Exercises: Check your understanding

Which two of the following statements are true about static (offline) training?
The model stays up to date as new data arrives.
Actually, if you train offline, then the model has no way to incorporate new data as it arrives. This can lead to model staleness, if the distribution you are trying to learn from changes over time.
You can verify the model before applying it in production.
Yes, offline training gives ample opportunity to verify model performance before introducing the model in production.
Offline training requires less monitoring of training jobs than online training.
In general, monitoring requirements at training time are more modest for offline training, which insulates you from many production considerations. However, the more frequently you train your model, the higher the investment you'll need to make in monitoring. You'll also want to validate regularly to ensure that changes to your code (and its dependencies) don't adversely affect model quality.
Very little monitoring of input data needs to be done at inference time.
Counterintuitively, you do need to monitor input data at serving time. If the input distributions change, then our model's predictions may become unreliable. Imagine, for example, a model trained only on summertime clothing data suddenly being used to predict clothing buying behavior in wintertime.
Which one of the following statements is true of dynamic (online) training?

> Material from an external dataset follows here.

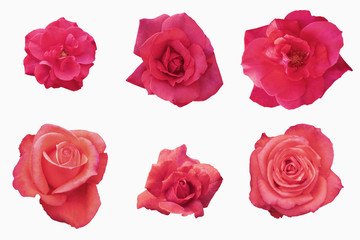Blurred for Background.Red rose isolated on the white background. Photo with clipping path.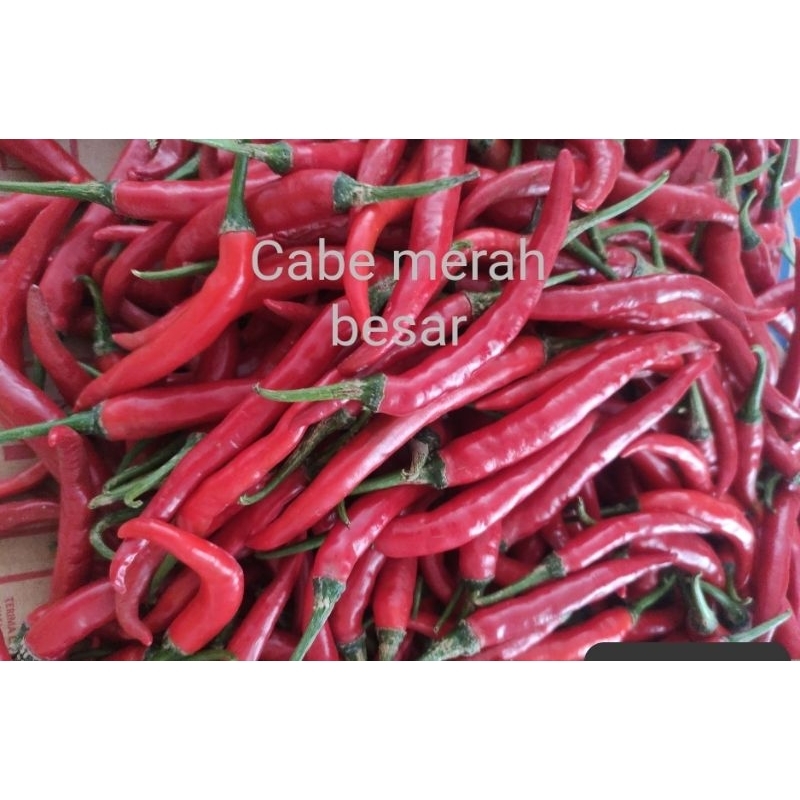 

Cabe merah besar 1kg fresh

The model stays up to date as new data arrives.
This is the primary benefit of online training; you can avoid many staleness issues by allowing the model to train on new data as it comes in.
Very little monitoring of training jobs needs to be done.
Actually, you must continuously monitor training jobs to ensure that they are healthy and working as intended. You'll also need supporting infrastructure like the ability to roll a model back to a previous snapshot in case something goes wrong in training, such as a buggy job or corruption in input data.
Very little monitoring of input data needs to be done at inference time.
Just like a static, offline model, it is also important to monitor the inputs to the dynamically updated models. You are likely not at risk for large seasonality effects, but sudden, large changes to inputs (such as an upstream data source going down) can still cause unreliable predictions.